- Born: San Francisco, California
- Education: University of California, Berkeley (B.A., M.A.)
- Occupations: Visual artist, painter, printmaker
- Years active: 1968–present
- Style: Geometric abstraction
- Movement: Radical Painting Group

= Erik Saxon =

American contemporary artist

Erik Saxon (born 1941) is an American visual artist, painter, and printmaker based in New York, whose work is associated with contemporary abstraction. During the late 1970s and 1980s, Saxon was a member of the Radical Painting Group, an artist collective established by Marcia Hafif and Olivier Mosset in New York, which focused on exploring the essential qualities of painting.

Saxon's art often references both the internal geometry of shapes and the external geometry of the picture plane, employing forms such as squares, circles, and crosses. His work is part of the permanent collections of museums in the U.S. and abroad, including the Museum of Modern Art in New York and the National Gallery of Art in Washington, D.C. In addition to his career as an artist, Saxon has also written on abstract art and has been a contributing author to Artforum.

== Life and career ==
Born in San Francisco, Saxon received a B.A. and M.A. in studio art from the University of California, Berkeley. In 1968, he moved to New York where he experimented with various abstract and figurative styles. By 1973, Saxon had committed fully to non-representational art. Between 1974 and 1977, the artist produced the first series of geometrical grid paintings which would inform his later experiments in abstraction.

Photograph showing members of the Radical Painting Group c. 1980 in New York with Erik Saxon on the far left.

=== Radical Painting Group ===
By the late 1970s, Saxon had joined the Radical Painting Group, an artist collective founded by Marcia Hafif and Olivier Mosset in New York. The group became known for creating monochrome paintings, and participating artists were "concerned with the material essence of painting and the participation of the viewer in its experience". Other group members included Günter Umberg, Joseph Marioni, Phil Sims, Dale Henry, Doug Sanderson, Susanna Tanger, Jerry Zeniuk, and Frederic Matys Thursz. In 1982, Saxon produced the first all-white painting, following the earlier art historical precedents of all-white compositions by the Russian avant-garde painter Kazimir Malevich and the American post-war artist Robert Rauschenberg.

In his work as a painter and a writer, Saxon is said to have focused primarily on the "ideas of pure abstract art". Art historian Kavie Barnes notes that Saxon is "quite self-conscious about such issues as authenticity in his personal practice and his relationship to the history of art". According to the critic Sarah Schmerler, who suggested similarities between Minimalism and Saxon's work, the artist is not in favor of following "strict chronology" and each of his paintings is distinguished by its own "perceptual logic" and intensive labor, prompting in turn a "long and deep contemplation" from the spectator. Akin to the Minimalists, as Schmerler points out, Saxon is particular about the specific placement of his works in relation to the viewer. When discussing his own practice and interest in geometry, the artist has pointed to his sustained engagement with the plane, including the "interior plane" of a geometrical shape and the "picture plane" of a painting, while emphasizing the relevance of "primal forms", including a square, circle, and a cross among others.

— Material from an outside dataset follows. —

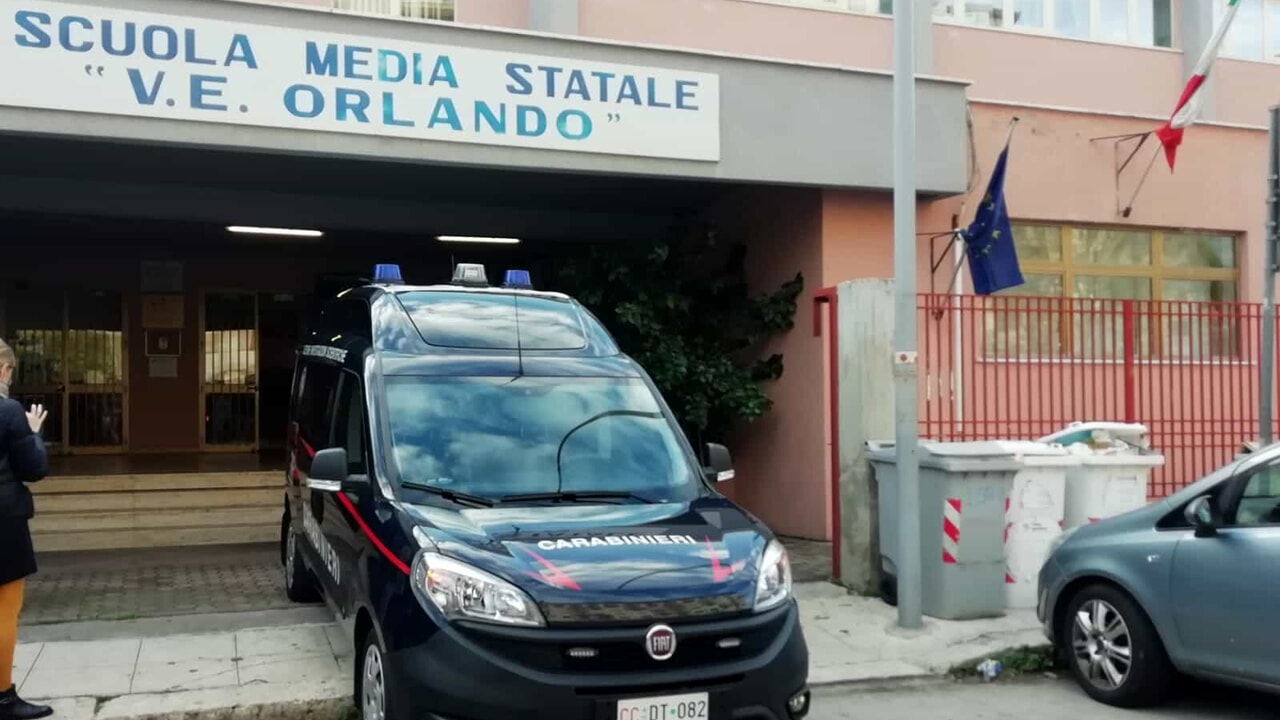 13enne suicida a Palermo : inchiesta per bullismo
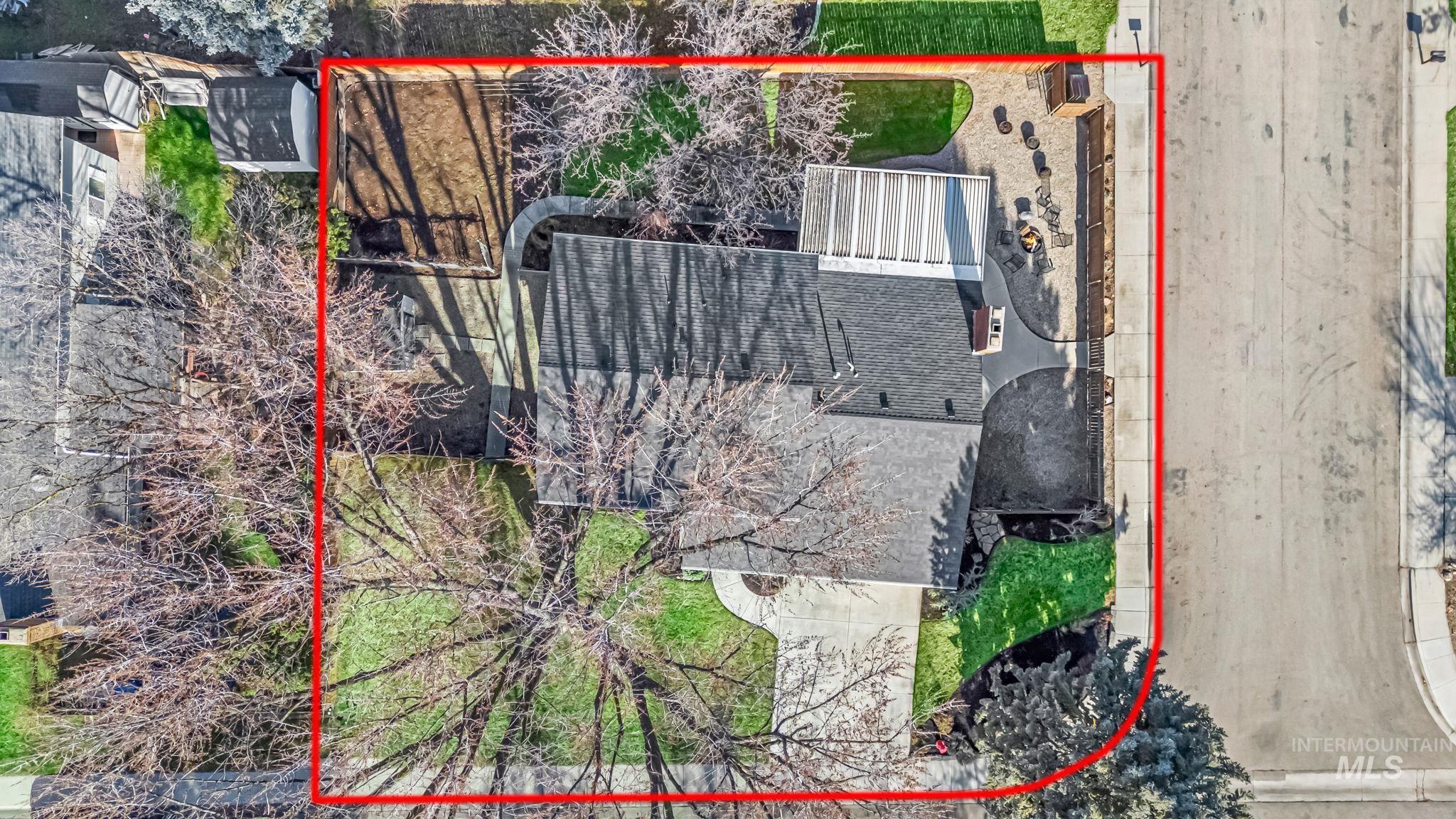 10470 Shadybrook Dr, Boise, Idaho 83704, 4 Bedrooms, 2.5 Bathrooms, Residential For Sale, Price $565,000,MLS 98973868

=== Exhibitions and collections ===
He has participated in solo and group exhibitions at Newspace Los Angeles, Galerie L’A in Liege, Belgium, Georgia Museum of Art in Athens, Georgia, Bowdoin College Museum of Art in Brunswick, Maine, Cincinnati Museum of Art, Wilhelm-Hack Museum in Ludwigshafen, Germany, Kunstverein Arnsberg in Germany, Mondriaanhuis in Amersfoort, Netherlands, Museum of Modern Art in Belgrade, Serbia, Museo de Arte Contemporaneo Esteban Vicente in Segovia, Spain, and Museo Cantonale d’Arte in Lugano, Switzerland, among other venues across Europe and the United States. Saxon's work is in permanent collections of several American and European institutions including the Museum of Modern Art in New York, the National Gallery of Art in Washington, DC, Yale University Art Gallery in New Haven, Harvard Art Museums/Fogg Art Museum in Cambridge, Massachusetts, Göteborgs Museum of Art in Sweden, and Museo Cantonale d’Arte in Lugano, Switzerland.